Warning: Graphic Content
Up to now I have struggled a lot on my mental health journey. I started self harming when I was in sixth grade and had to go to therapy. There wasn’t really a reason why I would do it besides the fact that I was really sad for no reason. It still confuses me how I went from a normal child to one in therapy every week and very upset almost constantly. Fast forward to eighth grade, my sadness got much worse. My uncle died unexpectedly and it was a shock for my whole family. I dealt with this severe sadness by turning to boys who made me happy for little amounts of time and then I would move onto the next boy who made me feel good about myself.
When I was fourteen I had my first illegal sip of alcohol to dull the pain and suffering. It wasn’t until my family found me puking uncontrollably eight months later did I stop. It was one of the only things that really worked, and it worked quickly. Spring of my freshman year, my parents noticed me losing interest in the things that I had once loved. This and my irritability as well as seclusion tipped them off that something wasn’t right with me. I was taken to a doctor where I was tested for many mental health problems and eventually was diagnosed with severe depression and severe anxiety. This wasn’t really a surprise to me but it also wasn’t really very welcome in my life. I started medicine and my boyfriend and friends of the time helped me through it.

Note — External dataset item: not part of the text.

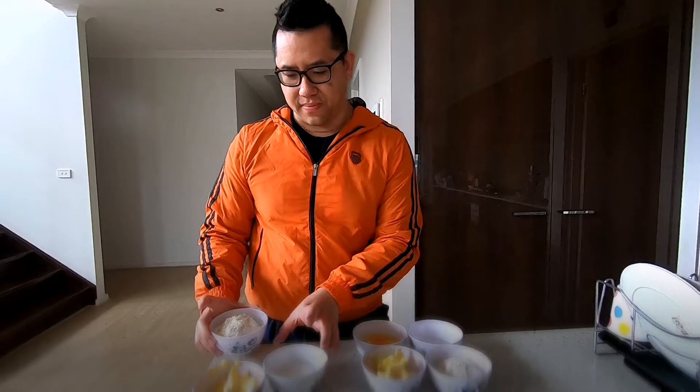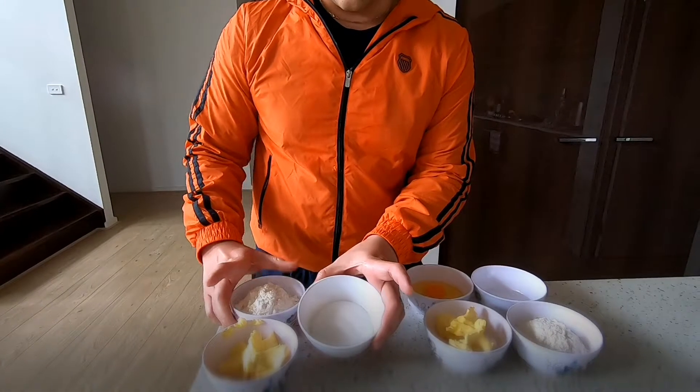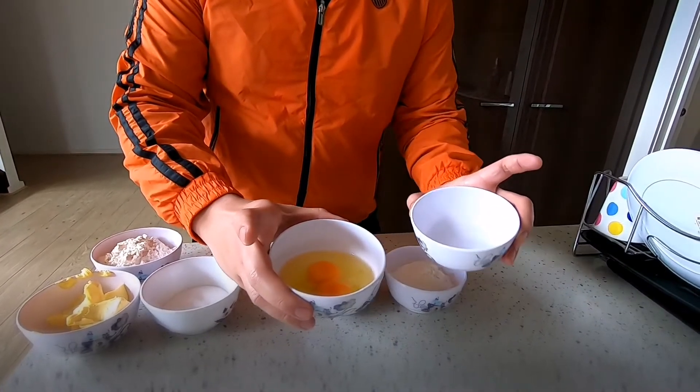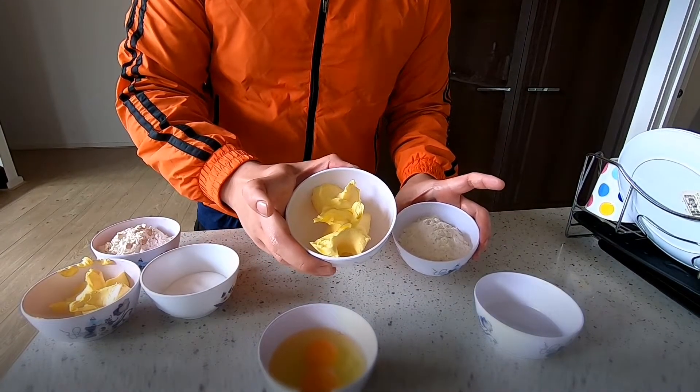So here are the ingredients. Got some flour, sugar, and a pinch of salt in there as well. Butter. Over on the side here we've got eggs, some water, flour, salt, and butter.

I started drinking less because of both my boyfriend, who didn’t like me drinking, and because of the medicine and the negative effects it would have if I did. Slowly I started losing friends and my best friend and then my boyfriend broke up with me. I’m not completely sure why this happened but part of me believes that it was because of my drinking and unhealthy habits. The week after my boyfriend and I broke up, he was with another girl which made my depression skyrocket. The pain of losing my friends, losing my boyfriend, my medicine not working right, on top of the stress of family and school issues caused me to have suicidal thoughts.
The day I found out that my ex-boyfriend was with another girl, it tipped the boat. I was found by a teacher at my school in the theater trying to commit suicide and was then taken to the school counselor. From there I was taken to my therapist, emergency room, and then mental hospital. My overall experience at Springwood Behavioral Hospital was generally a really good one. I learned a lot, met new people who were really accepting, and learned to appreciate what I had more. When I got back from the hospital, everyone was very distant. Understandably, I had scared them, including my best friend. The growing distance between us scared me and made me really sad. A couple months later we were barely even friends anymore and it made me very upset.
The stress of finals, my best friend not wanting to be around me anymore, and my mentor passing away once again got to be too much for me. This was my second suicide attempt. My mom took me to the hospital immediately where I was given an IV and sent to another mental hospital called Sundance. My experience here unlike the first, wasn’t as enjoyable. I was very pressed to try and get out because it was Christmas the next week and it was the week of finals. In three days, my parents pulled me out, with the doctors consent, and we left for vacation the next day.
My journey from then to now has been really hard to get back up on my feet but with the help of God, my family, my new friends, my therapists/doctors, and my bible study group, I have been able to move on from my past and learn from my mistakes. Everyday I become stronger and learn what it means to be alive.